Famous old films I thought I’d seen I find I never actually watched all the way through, like The Bad and the Beautiful. What I’d seen over the years were clips but never the entire movie. Or I’ll watch an old movie and, halfway through, realize I’ve seen it—or have I? (old moviegoer’s Alzheimer’s). I’ve stopped worrying about it and just let myself enjoy the film again, if it is indeed again (Memento or Inception, anyone?).

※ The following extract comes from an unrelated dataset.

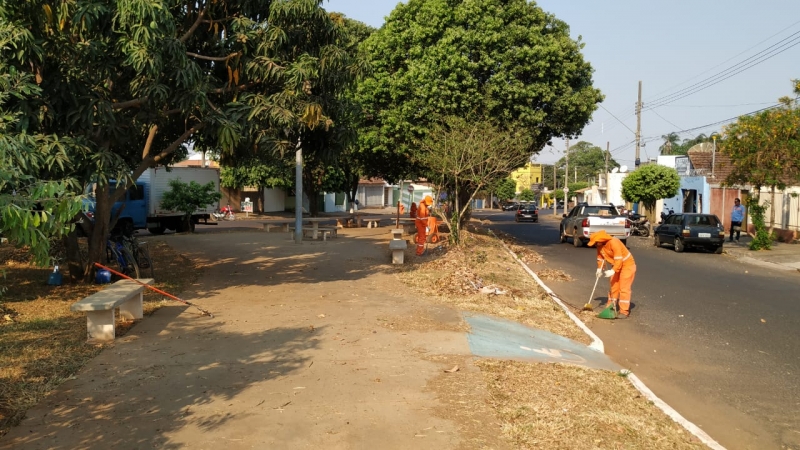 A Prefeitura de Araguari, por meio da Secretaria de Serviços Urbanos e Distritais encerra a semana com uma série de serviços de limpeza prestados nas vias e logradouros públicos de Araguari.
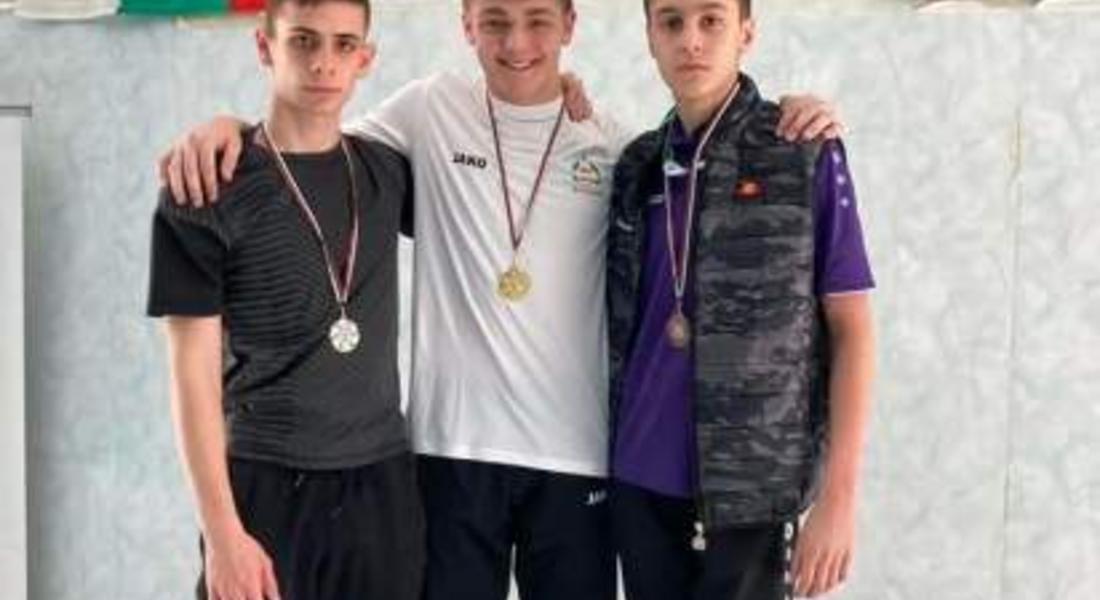 Отново медали за смолянските плувци на турнир в София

Maybe the best thing about old movies is how efficient and compact they are—many run 90 minutes and some clock in at 80 minutes. Few two-and-a-half hour slogs. They were plot driven, like the best low-budget noir films, which didn’t need to be arty to be great. No flashy directorial shenanigans, no digitalized special effects, no needless sub-sub-sub-plots, no extraneous characters, meandering themes, rambling dialogue, or intrusive musical scores.

Everything carries the story forward. In even ordinary old films, every scene, every line, counts. They were tightly crafted stories—succinct, efficient, well-constructed tales, with no tricky tropes (is this thing a fantasy? A flashback? A dream?). One great time-saving device is old movie credits, which take a minute, not 10 minutes, like today’s interminable crawls, where everybody on the payroll gets mentioned, from the star’s driver to the location caterer.

THERE IS, however, a frequent drawback to shorter films. Plots tend to be simplistic and melodramatic, studded with clichés and easy stereotypes to make a point quickly, with few nuanced characters. Very often you can guess the outcome early—even if the movie was original in its day, because so many films since have similar plots, themes, or characters. A kid coughs and you know he’s a goner. A woman faints and you know she’s pregnant. A sweet young boy goes off to war and you know he won’t be back. A neighbor is so nice that you know he’s a scoundrel—or as Edward G. Robinson snarls in A Slight Case of Murder, a real crumb-bum.

The kick in old movies starts with the opening logos, many long gone, like RKO’s jagged radio signals flashing from a transmitter accompanied by staccato beeps; Republic Pictures’ eagle perched on a mountain peak; Columbia’s lady in a toga holding a torch aloft with an American flag draped about her; MGM’s reassuring lion’s roar, less regal and shaggy now, framed with its proud art for art’s sake motto, “Ars Gratia Artis.”

As the “players’” names appear, suddenly you’re no longer in your living room watching an old film on an HD wall screen. You’re 15 again, sitting in a busted lopsided seat in your old neighborhood movie house, Jujubes in hand, waiting to be transported back to a lush world where Lana Turner, John Garfield, and Ann Sheridan reside in a gilded black-and-white past.